Study design: Retrospective, observational case series.
Methods: Clinical and microbiology records were reviewed for patients evaluated at the Bascom Palmer Eye Institute and diagnosed wisth culture-confirmed endophthalmitis due to BCC. Antibiotic susceptibility profiles were generated using standard microbiologic protocols via an automated VITEK system.

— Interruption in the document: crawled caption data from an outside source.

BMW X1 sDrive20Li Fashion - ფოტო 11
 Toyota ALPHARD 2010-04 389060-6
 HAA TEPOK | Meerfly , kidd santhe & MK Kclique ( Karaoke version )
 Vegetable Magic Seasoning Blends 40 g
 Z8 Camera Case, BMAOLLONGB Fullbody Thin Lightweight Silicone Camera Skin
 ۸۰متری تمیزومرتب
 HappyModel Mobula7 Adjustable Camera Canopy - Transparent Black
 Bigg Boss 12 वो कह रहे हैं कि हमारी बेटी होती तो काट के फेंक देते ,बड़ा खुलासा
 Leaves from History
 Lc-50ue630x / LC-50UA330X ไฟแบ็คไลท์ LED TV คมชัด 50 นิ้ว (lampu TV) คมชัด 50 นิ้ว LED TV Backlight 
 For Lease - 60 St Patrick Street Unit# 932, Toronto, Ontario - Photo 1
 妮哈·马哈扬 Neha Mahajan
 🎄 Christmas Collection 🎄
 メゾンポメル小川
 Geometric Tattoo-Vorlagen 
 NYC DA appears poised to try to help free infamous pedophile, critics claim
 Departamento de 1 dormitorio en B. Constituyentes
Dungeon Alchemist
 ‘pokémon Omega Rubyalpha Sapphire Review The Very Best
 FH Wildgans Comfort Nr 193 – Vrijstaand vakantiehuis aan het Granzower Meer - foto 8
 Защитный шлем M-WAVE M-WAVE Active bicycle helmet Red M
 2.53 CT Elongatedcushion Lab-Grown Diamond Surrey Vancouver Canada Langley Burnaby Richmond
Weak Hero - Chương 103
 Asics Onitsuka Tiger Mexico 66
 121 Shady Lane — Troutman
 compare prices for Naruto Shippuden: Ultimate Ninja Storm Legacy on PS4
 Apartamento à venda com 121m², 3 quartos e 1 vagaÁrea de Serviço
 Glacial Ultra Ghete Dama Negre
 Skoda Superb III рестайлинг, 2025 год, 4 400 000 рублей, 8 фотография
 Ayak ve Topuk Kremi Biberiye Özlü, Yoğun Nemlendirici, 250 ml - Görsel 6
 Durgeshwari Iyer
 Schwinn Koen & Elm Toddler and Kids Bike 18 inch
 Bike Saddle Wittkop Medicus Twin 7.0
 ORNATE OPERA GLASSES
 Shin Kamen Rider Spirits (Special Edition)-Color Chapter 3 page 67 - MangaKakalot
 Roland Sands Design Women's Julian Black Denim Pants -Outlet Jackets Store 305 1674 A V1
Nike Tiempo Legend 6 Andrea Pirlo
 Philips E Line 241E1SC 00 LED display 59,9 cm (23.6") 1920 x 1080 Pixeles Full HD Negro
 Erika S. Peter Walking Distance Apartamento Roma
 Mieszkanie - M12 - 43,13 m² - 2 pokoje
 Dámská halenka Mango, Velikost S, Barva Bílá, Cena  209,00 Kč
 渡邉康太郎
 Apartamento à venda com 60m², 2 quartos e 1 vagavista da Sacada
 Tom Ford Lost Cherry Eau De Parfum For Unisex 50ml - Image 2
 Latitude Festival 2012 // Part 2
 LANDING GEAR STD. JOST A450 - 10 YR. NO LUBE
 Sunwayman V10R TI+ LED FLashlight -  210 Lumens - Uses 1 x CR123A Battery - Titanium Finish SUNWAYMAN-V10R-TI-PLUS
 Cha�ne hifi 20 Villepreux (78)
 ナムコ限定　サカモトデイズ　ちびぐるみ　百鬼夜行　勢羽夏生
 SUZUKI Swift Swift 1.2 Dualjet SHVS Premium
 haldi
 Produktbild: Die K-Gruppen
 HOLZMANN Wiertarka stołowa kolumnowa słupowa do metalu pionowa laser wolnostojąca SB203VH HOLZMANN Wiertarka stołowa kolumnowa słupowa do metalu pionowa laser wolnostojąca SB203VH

Results: Endophthalmitis associated with BCC was diagnosed in three patients. Infection occurred in the setting of post-penetrating keratoplasty (PKP), glaucoma filtering surgery, and suspected trauma. All isolates demonstrated in vitro susceptibility to ceftazidime and meropenem. Presenting visual acuity (VA) ranged from hand motion to light perception. Initial treatment strategies included intravitreal ceftazidime (2.25 mg/0.1 mL) and vancomycin (1.0 mg/0.1 mL) injections with fortified topical antibiotics in 2 patients, and surgical debridement of a corneoscleral melt with patch graft along with both topical fortified antibiotics oral antibiotics in the third patient. In all 3 patients, there was no VA improvement at last follow-up, as 2 eyes ultimately underwent enucleation and 1 eye exhibited phthisis bulbi at last follow-up. BCC related endophthalmitis was reviewed among 13 reports. Treatment outcomes were generally poor and antibiotic resistance was common. These BCC isolates cases demonstrated broad resistance patterns, with susceptibilities to ceftazidime (58%), ciprofloxacin (53%), and gentamicin (33%).
Conclusions: Endophthalmitis caused by B. cepacia is a rare clinical entity with generally poor visual outcomes despite prompt treatment with appropriate antibiotics.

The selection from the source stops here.